• Short descriptive text snippets:
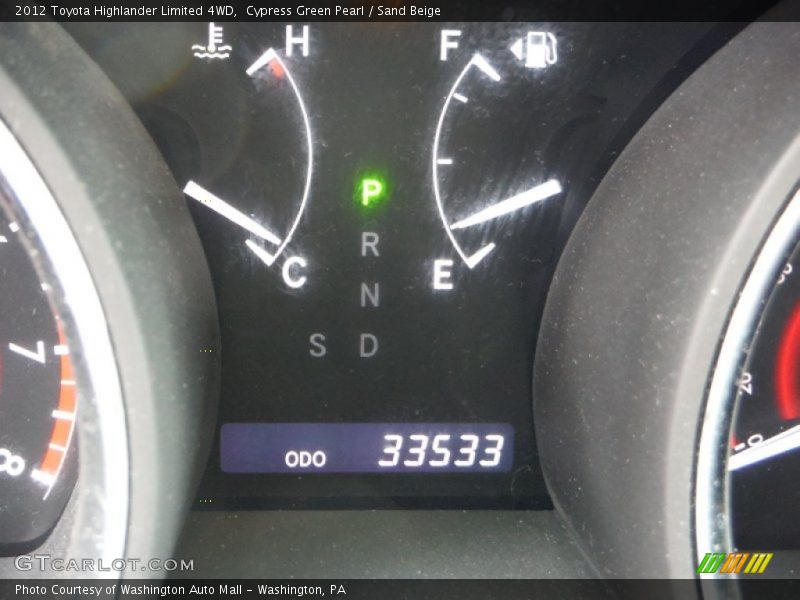 Cypress Green Pearl / Sand Beige 2012 Toyota Highlander Limited 4WD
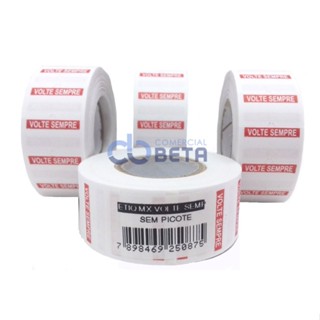 10 rolos ETIQUETA MX 5500 M-14 escrito ""VOLTE SEMPRE '' ( modelo que tem furinho ) em Oferta na Shopee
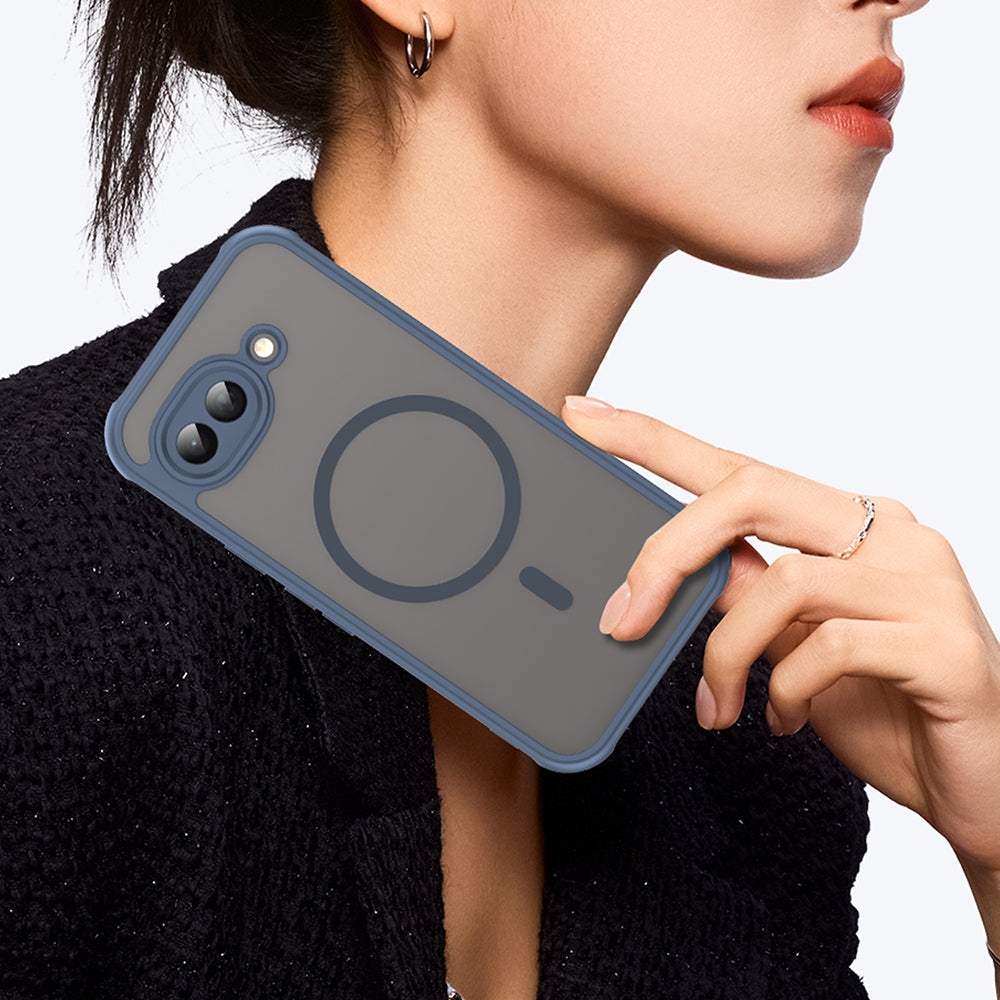 MagSafe Hülle für Google Pixel 10a, Techsuit, HaloFrost II, Marineblau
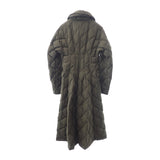 【Aランク】モンクレール MONCLER CAPRIER キルティング ロングダウンコート アウター G20931C00032 ダウンジャケット ナイロン アーミーグリーン #1 レディース【ISEYA】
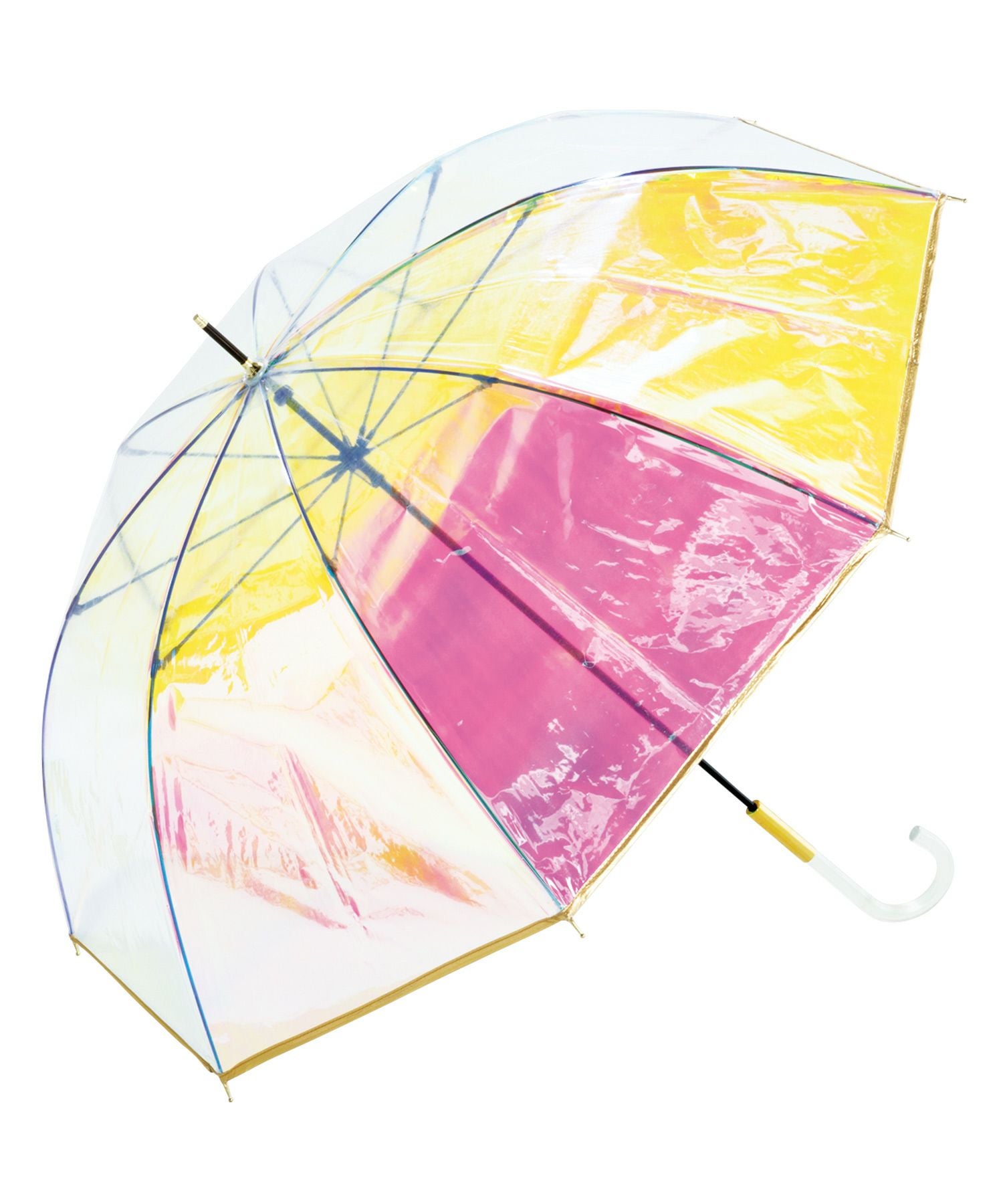 パイピング シャイニーアンブレラ shiny plastic umbrella 長傘 雨傘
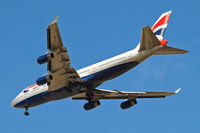 G-BNLN @ EGLL - G-BNLN   Boeing 747-436 [24056] (British Airways) Home~G 12/05/2013. On approach 27R. - by Ray Barber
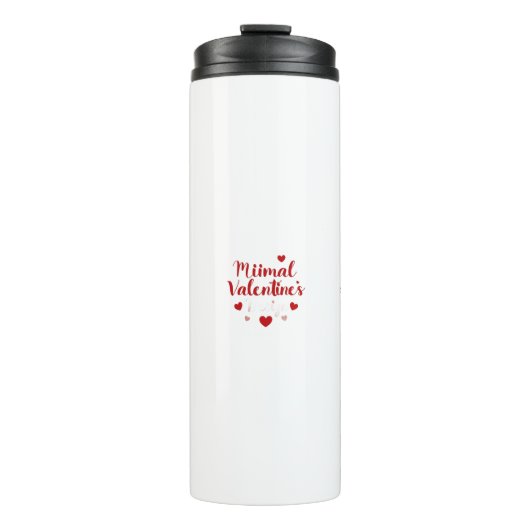 Minimal Valentine’s Day Love Typography Design | R Thermosbecher (Vorderseite)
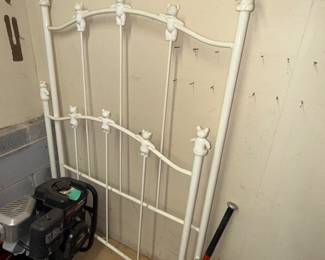 Twin Size with Mattress Frame. In Basement 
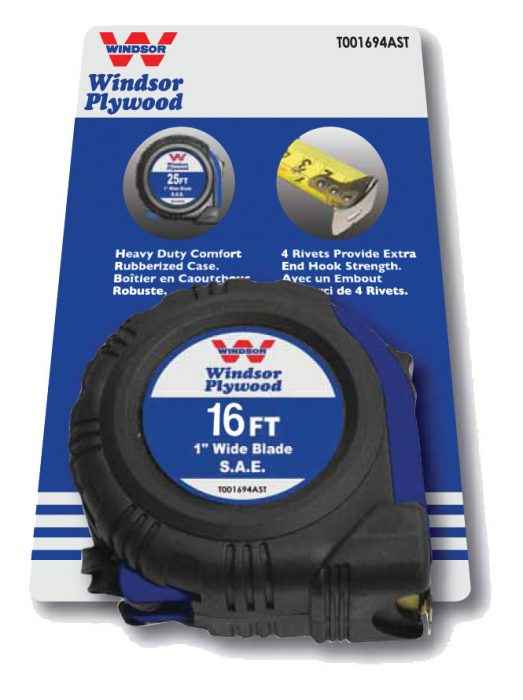 430-0150 16FT Windsor Brand Tape Measure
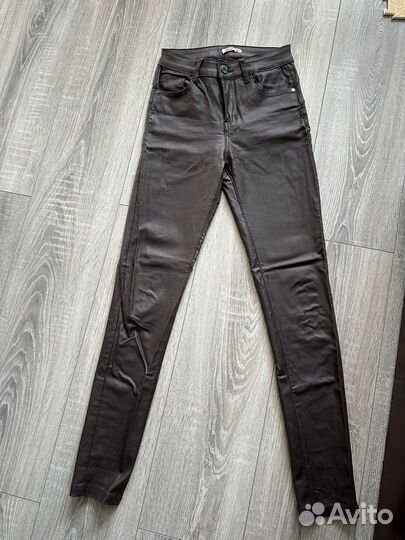 Кожаные джинсы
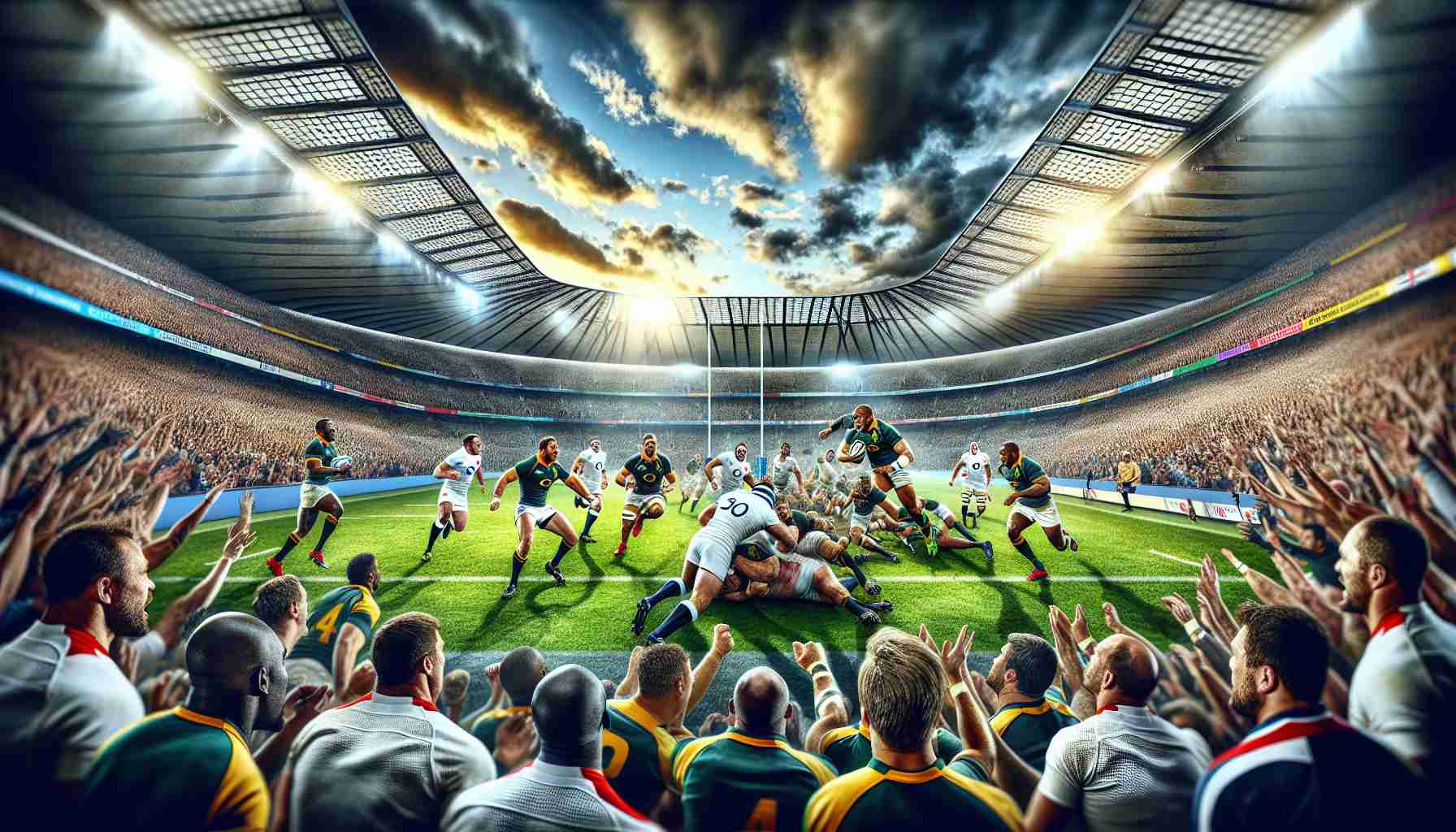 Exciting Rugby Clash Between England and South Africa at Twickenham 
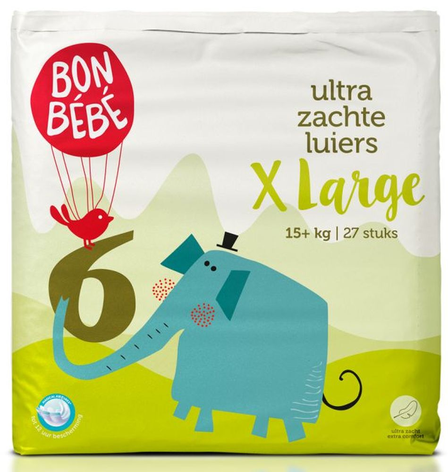 Bonbebe  Ultra Zachte Luiers X Large 6 15+ kg 27 Stuks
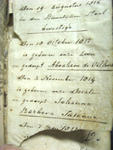 DE VILLIERS, getroud 1816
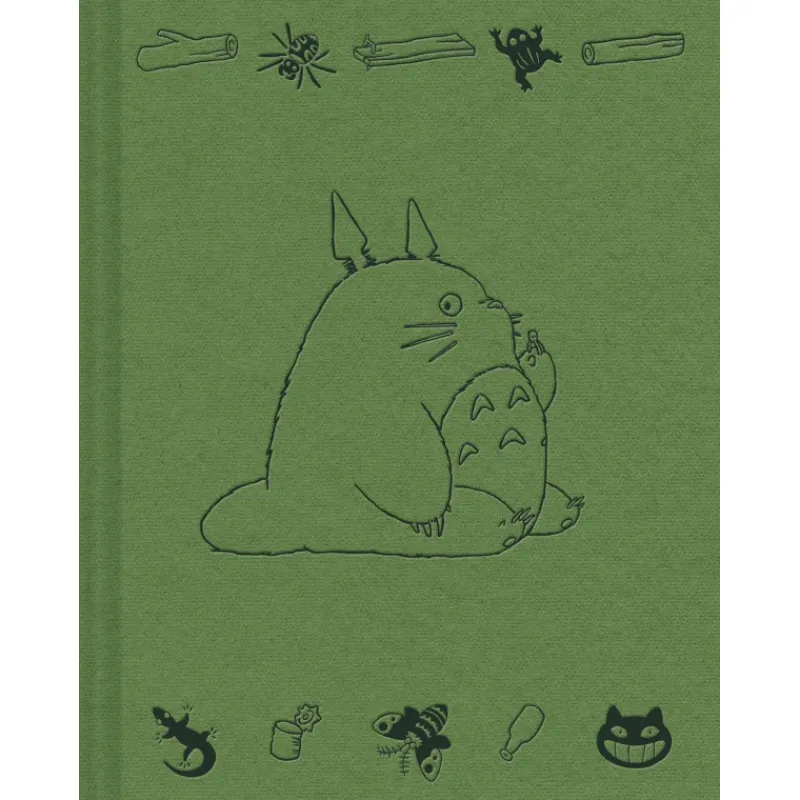 Carnets Et Cahiers|Maison Ghibli Carnet de notes toilé Totoro - Mon Voisin Totoro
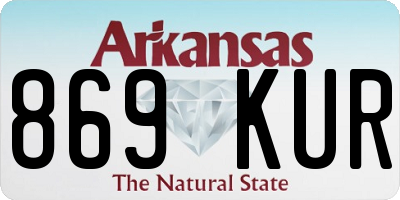 AR license plate 869KUR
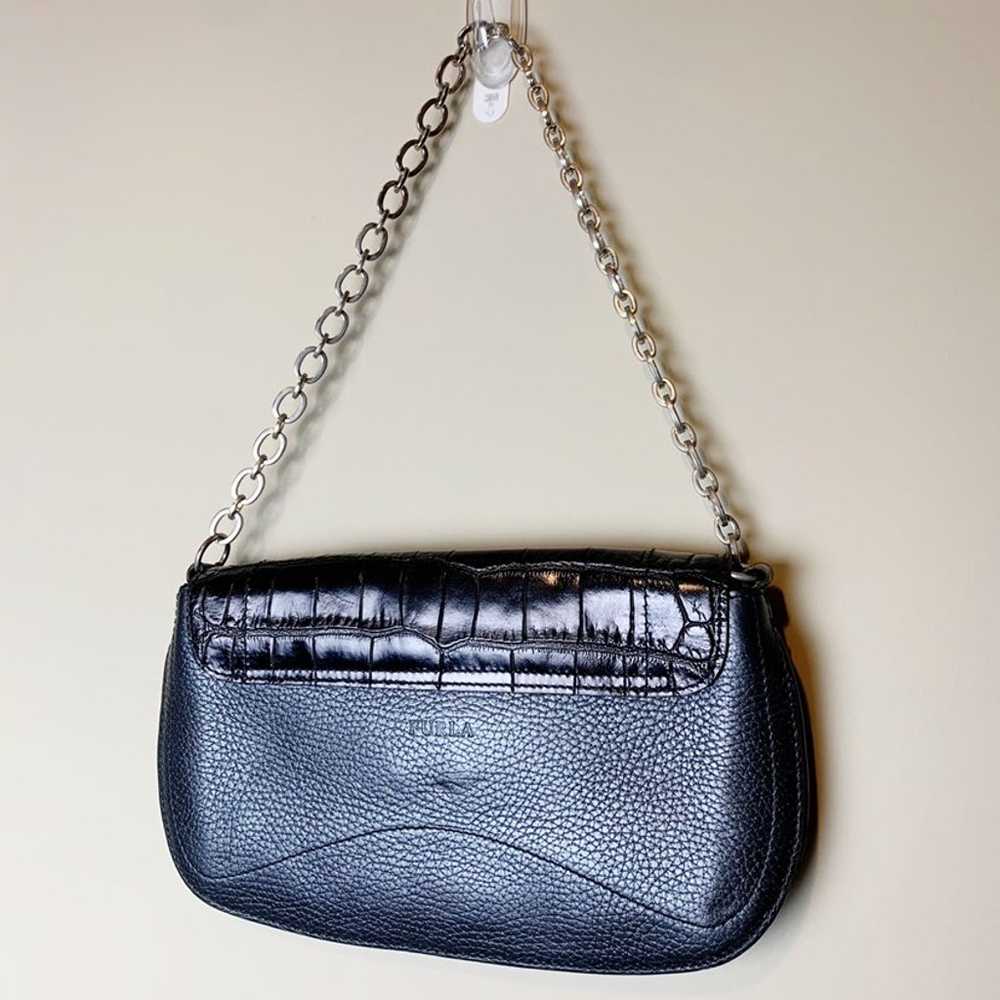 Furla vtg genuine leather shoulder bag - image 4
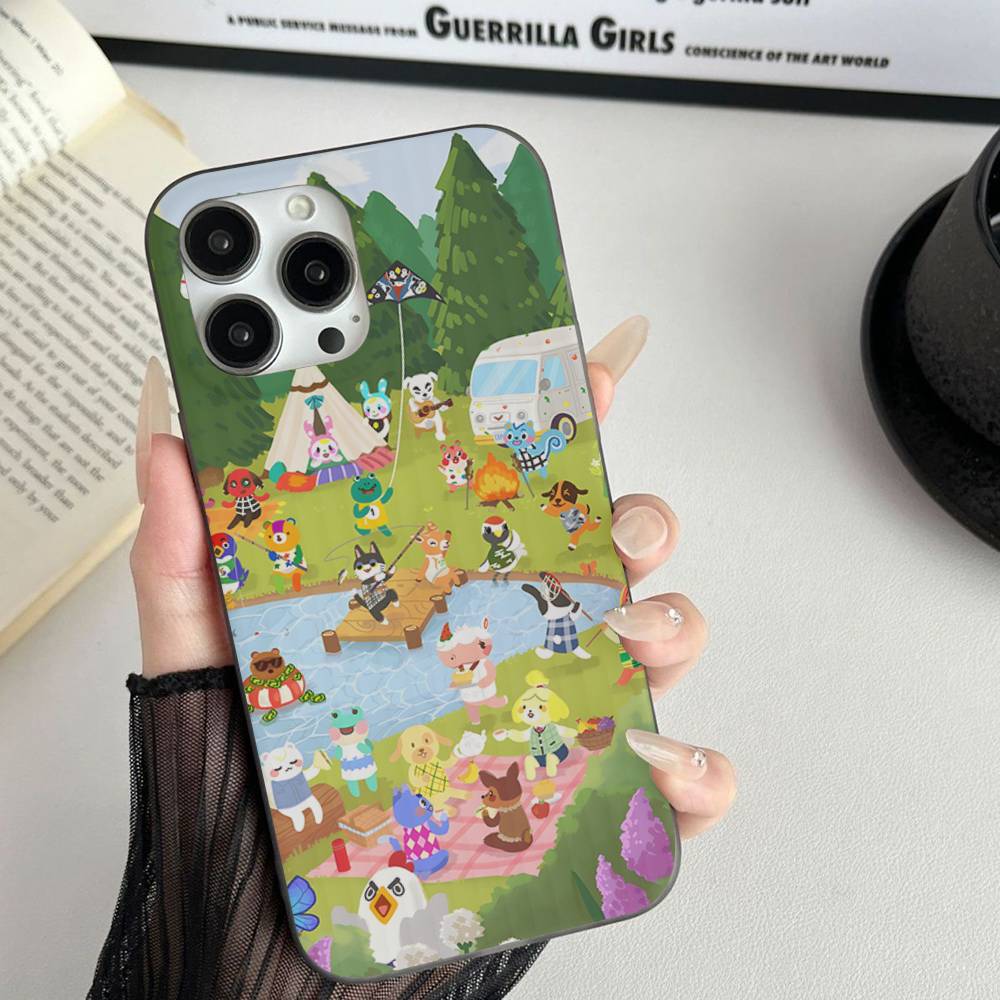 A-Animal C-Crossing Phone Case Corrugated Pattern Phone Case For iPhone 17 Air 16 15 14 13 Plus Pro Max Matte Shockprooof Cover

• WHAT THE TASK ASKS: When you return the records, keep every word unchanged and drop the pictures.

• SOLUTION TO THIS TASK:
 Cypress Green Pearl / Sand Beige 2012 Toyota Highlander Limited 4WD
 10 rolos ETIQUETA MX 5500 M-14 escrito ""VOLTE SEMPRE '' ( modelo que tem furinho ) em Oferta na Shopee
 MagSafe Hülle für Google Pixel 10a, Techsuit, HaloFrost II, Marineblau
 【Aランク】モンクレール MONCLER CAPRIER キルティング ロングダウンコート アウター G20931C00032 ダウンジャケット ナイロン アーミーグリーン #1 レディース【ISEYA】
 パイピング シャイニーアンブレラ shiny plastic umbrella 長傘 雨傘
 G-BNLN @ EGLL - G-BNLN   Boeing 747-436 [24056] (British Airways) Home~G 12/05/2013. On approach 27R. - by Ray Barber
 Minimal Valentine’s Day Love Typography Design | R Thermosbecher (Vorderseite)
 Twin Size with Mattress Frame. In Basement 
 430-0150 16FT Windsor Brand Tape Measure
 Кожаные джинсы
 Exciting Rugby Clash Between England and South Africa at Twickenham 
 Bonbebe  Ultra Zachte Luiers X Large 6 15+ kg 27 Stuks
 DE VILLIERS, getroud 1816
 Carnets Et Cahiers|Maison Ghibli Carnet de notes toilé Totoro - Mon Voisin Totoro
 AR license plate 869KUR
 Furla vtg genuine leather shoulder bag - image 4
 A-Animal C-Crossing Phone Case Corrugated Pattern Phone Case For iPhone 17 Air 16 15 14 13 Plus Pro Max Matte Shockprooof Cover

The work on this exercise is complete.